Por outro lado, no Brasil ainda causa estranhamento o contraste entre fechamento e abertura de livrarias. Maria Júlia aponta a estratégia usada por algumas delas, e que nem sempre gera bons resultados: “Muitas livrarias ficaram presas a essa questão de abrir mega lojas em shoppings, onde o espaço de aluguel é muito caro. Esse não é um formato que necessariamente funciona. Querendo ou não, o mercado de livros no Brasil é pequeno, ele movimenta, anualmente, o que o Carnaval movimenta em um final de semana na cidade de São Paulo. Ainda tem casos em que os livros são vendidos em um valor mais baixo do que deveria ser, devido à inflação".
O mercado de livros nacionais
O Tik Tok também impactou a venda de títulos nacionais, que anteriormente era concentrada em clássicos - muito por recomendações escolares -. Atualmente, o cenário foi revertido e abriu novos espaços. Como é o caso de Conectadas, escrito por Clara Alves, a obra com representativade LGBTQIA+ é facilmente encontrada na tag do BookTok.
O aplicativo também tem servido como divulgação de autores e títulos nacionais, além dos próprios escritores integrarem esse espaço em busca de leitores para suas obras. Como Clara Alves, autora de Conectadas, e Nayany Hachler, criadora de Driven to You e produtora de conteúdo com foco em literatura nacional.
“A lista de autores brasileiros mais vendidos do Publish News sempre teve escritores de clássicos, romances mais velhos e autoajuda. Na última atualização houve um aumento muito grande desses autores mais recentes e que falam com um público mais novo também. Então, você acaba apresentando a literatura brasileira para quem não consumia tanto, era mais o que a escola mandava. É perceptível esse crescimento enorme, já que esses autores têm muitos recomendados lá dentro”, explica Maria Júlia.

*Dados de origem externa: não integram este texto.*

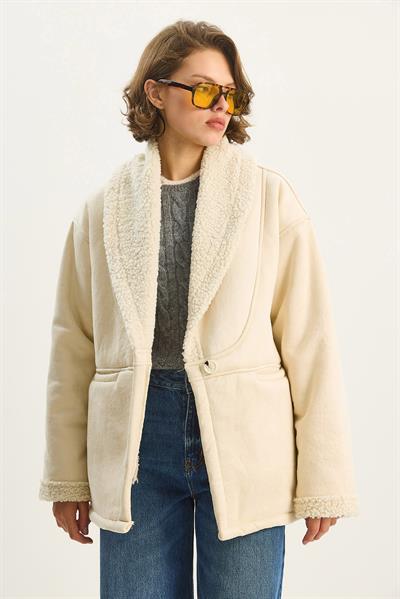 Kadın İçi Kürklü Cep Detaylı Şal Yaka Süet Kaban 2656 60283560 - Krem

Infografia: Samara Barboza |
O mercado de livros em 2021 segue mostrando números impressionantes e a tendência é que supere 2020. Em mais um ano em que parte da população permanece reclusa, há dúvidas a respeito da regularidade das vendas para o futuro, especialmente, com a retomada gradual para as ruas. Essa é uma das preocupações de Gabriela, que teme a diminuição do BookTok após o fim da pandemia e que isso afete negativamente a vendas de livros. Maria Júlia apresenta uma visão diferente. Para ela, a adesão do público a mais leituras e diferentes formatos pode significar uma mudança mais duradoura nos hábitos.